The seeds of an agricultural revolution are taking root
in cities around the world—a movement that boosters say will
change the way that urbanites get their produce and solve
some of the world's biggest environmental problems along the
way.
It's called vertical farming, and it's based on one simple
principle: Instead of trucking food from farms into cities,
grow it as close to home as possible—in urban greenhouses
that stretch upward instead of sprawling outward.
The idea is flowering in many forms. There's the 12-story
triangular building going up in Sweden, where plants will
travel on tracks from the top floor to the bottom to take
advantage of sunlight and make harvesting easier.
Then there's the onetime meatpacking plant in Chicago where
vegetables are grown on floating rafts, nourished by waste
from nearby fish tanks. And the farms dotted across the U.S.
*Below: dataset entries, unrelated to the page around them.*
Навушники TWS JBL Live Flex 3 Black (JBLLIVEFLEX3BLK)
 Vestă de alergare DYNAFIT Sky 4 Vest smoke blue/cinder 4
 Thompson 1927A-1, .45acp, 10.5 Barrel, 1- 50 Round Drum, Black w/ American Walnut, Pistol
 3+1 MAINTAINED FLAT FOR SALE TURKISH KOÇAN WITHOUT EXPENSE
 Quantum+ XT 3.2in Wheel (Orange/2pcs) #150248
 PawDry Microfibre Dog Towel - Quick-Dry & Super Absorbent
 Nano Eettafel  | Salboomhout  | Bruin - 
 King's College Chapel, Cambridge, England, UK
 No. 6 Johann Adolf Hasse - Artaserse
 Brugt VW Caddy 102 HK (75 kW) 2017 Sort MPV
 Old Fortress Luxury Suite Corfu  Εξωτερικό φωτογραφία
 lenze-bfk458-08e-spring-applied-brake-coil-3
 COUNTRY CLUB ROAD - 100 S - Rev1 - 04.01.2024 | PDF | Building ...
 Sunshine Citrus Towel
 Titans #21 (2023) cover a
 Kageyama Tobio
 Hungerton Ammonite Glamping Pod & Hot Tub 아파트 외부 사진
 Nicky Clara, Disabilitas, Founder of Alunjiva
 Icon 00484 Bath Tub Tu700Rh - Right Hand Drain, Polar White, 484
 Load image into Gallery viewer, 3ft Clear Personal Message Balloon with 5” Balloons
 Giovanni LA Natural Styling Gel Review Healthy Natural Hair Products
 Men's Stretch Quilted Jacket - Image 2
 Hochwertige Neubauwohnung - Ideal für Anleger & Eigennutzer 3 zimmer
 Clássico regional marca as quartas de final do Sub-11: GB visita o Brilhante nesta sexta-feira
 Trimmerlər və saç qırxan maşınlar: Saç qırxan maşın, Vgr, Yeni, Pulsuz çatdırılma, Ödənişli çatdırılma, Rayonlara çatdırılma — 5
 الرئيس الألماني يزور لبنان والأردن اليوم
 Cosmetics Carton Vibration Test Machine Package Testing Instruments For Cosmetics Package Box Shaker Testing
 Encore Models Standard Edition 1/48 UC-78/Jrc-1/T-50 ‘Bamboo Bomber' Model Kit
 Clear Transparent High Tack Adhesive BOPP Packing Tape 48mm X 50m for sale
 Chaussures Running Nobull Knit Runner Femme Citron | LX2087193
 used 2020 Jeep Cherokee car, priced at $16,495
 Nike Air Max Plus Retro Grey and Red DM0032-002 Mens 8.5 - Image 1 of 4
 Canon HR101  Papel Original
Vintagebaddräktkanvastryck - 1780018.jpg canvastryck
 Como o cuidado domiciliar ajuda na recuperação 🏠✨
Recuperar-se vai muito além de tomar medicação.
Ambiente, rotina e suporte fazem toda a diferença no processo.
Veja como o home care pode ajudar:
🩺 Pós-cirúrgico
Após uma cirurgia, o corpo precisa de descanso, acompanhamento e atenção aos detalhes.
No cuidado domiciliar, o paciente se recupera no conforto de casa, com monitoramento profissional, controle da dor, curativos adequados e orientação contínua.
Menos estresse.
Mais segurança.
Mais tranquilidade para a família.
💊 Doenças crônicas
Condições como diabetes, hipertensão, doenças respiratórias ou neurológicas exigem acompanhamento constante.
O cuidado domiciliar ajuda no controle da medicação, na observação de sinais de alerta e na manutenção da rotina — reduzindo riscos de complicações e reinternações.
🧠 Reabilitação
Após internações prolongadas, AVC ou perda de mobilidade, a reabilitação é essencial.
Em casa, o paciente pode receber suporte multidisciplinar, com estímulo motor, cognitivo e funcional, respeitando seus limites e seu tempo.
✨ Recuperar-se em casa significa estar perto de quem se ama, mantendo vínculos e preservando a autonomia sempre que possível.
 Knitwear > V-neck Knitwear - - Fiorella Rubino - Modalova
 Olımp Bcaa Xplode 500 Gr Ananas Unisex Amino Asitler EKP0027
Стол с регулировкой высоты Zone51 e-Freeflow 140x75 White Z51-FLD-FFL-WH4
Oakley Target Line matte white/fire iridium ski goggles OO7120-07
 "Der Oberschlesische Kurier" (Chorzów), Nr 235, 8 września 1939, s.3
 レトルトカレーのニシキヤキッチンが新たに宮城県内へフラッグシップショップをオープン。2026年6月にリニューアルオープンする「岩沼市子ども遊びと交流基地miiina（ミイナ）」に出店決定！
that hang their crops in the air, spraying the roots with
nutrients, so they don't have to bring in soil or water
tanks for the plants.
However vertical farming is
implemented, advocates say the immediate benefits will be
easy to see. There won't be as many delivery trucks guzzling
fuel and belching out exhaust, and city dwellers will get
easier access to fresh, healthy food.
Looking further, proponents say vertical farming could bring
even bigger and more sweeping changes. Farming indoors could
reduce the use of pesticides and herbicides, which pollute
the environment in agricultural runoff. Preserving or
reclaiming more natural ecosystems like forests could help
slow climate change. And the more food we produce indoors,
the less susceptible we are to environmental crises that
disrupt crops and send prices skyrocketing, like the drought
that devastated this year's U.S. corn crop.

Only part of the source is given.